Trump's acceptance speech — a forceful appeal to a frightened electorate that described a country spiraling into dystopian mayhem — capped a four-day Republican convention in which murder and violence often seemed like an inescapable theme. While terrorism and crime have long been central to Trump's campaign message, the onslaught of grisly, tragic stories featured in the convention's programming marked a radical departure from recent precedent.

On Monday night alone, six of the convention speakers were relatives of people who had been killed by undocumented immigrants or foreign terrorists — and each one shared a heart-wrenching story studded with grim details.

Jamiel Shaw, a black Trump supporter, recounted how his teenage son had been shot execution-style by a Latino immigrant in 2008: "I saw the hole in his head and blood everywhere ... The coroner testified while Jazz was on his back, bleeding from a stomach wound, his hands were up and a second bullet went through his hand and into his head."

Mary Ann Mendoza said her son had been taken by a man "who was three times the legal limit drunk, was high on meth, and drove for over 35 miles the wrong way on four different freeways. And he had no business being in this country."

Relating the story of her border patrol brother's murder in 2010, Kelly Terry-Willis said his last words were, "I'm hit. I cannot feel my legs. I think I'm paralyzed." She added, "That will haunt me until the day I take my last breath."

Pat Smith delivered an emotional speech about losing her son in Benghazi. "The last time I talked to Sean, the night before the terrorist attack, he told me, 'Mom, I am going to die.' All security had been pulled from the embassy ... I blame Hillary Clinton personally for the death of my son. Personally!"

Several other speakers gave similar talks Monday — all touching on the night's theme, "Make America Safe Again" — and while some were more partisan than others, they all had powerful stories to tell. But the cumulative result of the back-to-back speeches was a markedly darker tone in Cleveland than at other past nominating conventions. Typically, political parties try to use these events to celebrate, and humanize, their chosen standard-bearer, and to cast their agenda in upbeat, patriotic terms.

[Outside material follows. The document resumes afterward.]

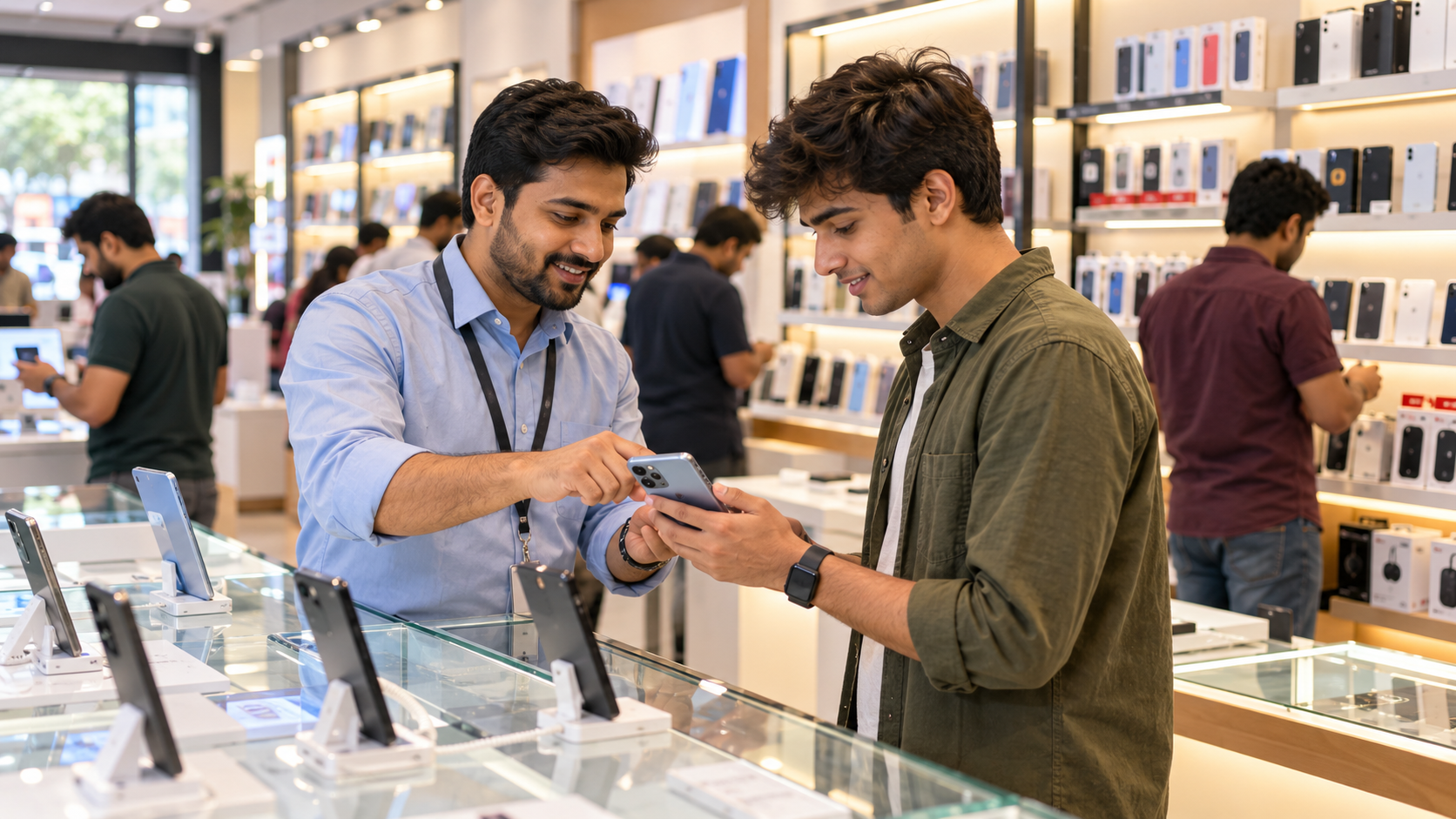 Customer buying a smartphone at a SmartDukaan mobile store in India.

But rather than seek to calm the country's nerves, Trump used this week's convention to lean into the electorate's fear and anxiety — sentiments that have been inflamed by recent terror attacks and police-killings. This was arguably the one constant in a convention that was widely criticized for its lack of discipline and organization.

In Tuesday's program, which was supposed to be focused on the economy, Sen. Ron Johnson spoke of a "young Yazidi woman I met, who was captured and brutalized by ISIS barbarians, the joy of life hauntingly absent in her eyes."

Following Johnson, NRA executive director Chris Cox launched into a defense of gun rights by laying out a harrowing hypothetical: "Imagine a young mother at home with her baby, when a violent predator kicks the door in. He's a three-time loser who was released from prison early because some politician wanted to show their compassion. What's she going to do? She'll dial 911 and pray."

On Wednesday night, Newt Gingrich devoted much of his primetime speech to cataloguing grisly atrocities recently committed by terrorists around the world.

"Last month, a radical Islamist in Paris stalked a French police officer to his home, where he murdered the officer and tortured his wife to death in front of their three-year-old son, while streaming it all on social media," Gingrich said. "He was pondering whether to kill the three-year-old when the was killed by police."

Trump himself told a story in his acceptance speech Thursday night about a 21-year-old woman in Nebraska who was murdered by a "border crosser" who has since become a fugitive.

"To this administration," Trump said, "their amazing daughter was just one more American life that wasn't worth protecting. ... One more child to sacrifice on the order and on the altar of open borders."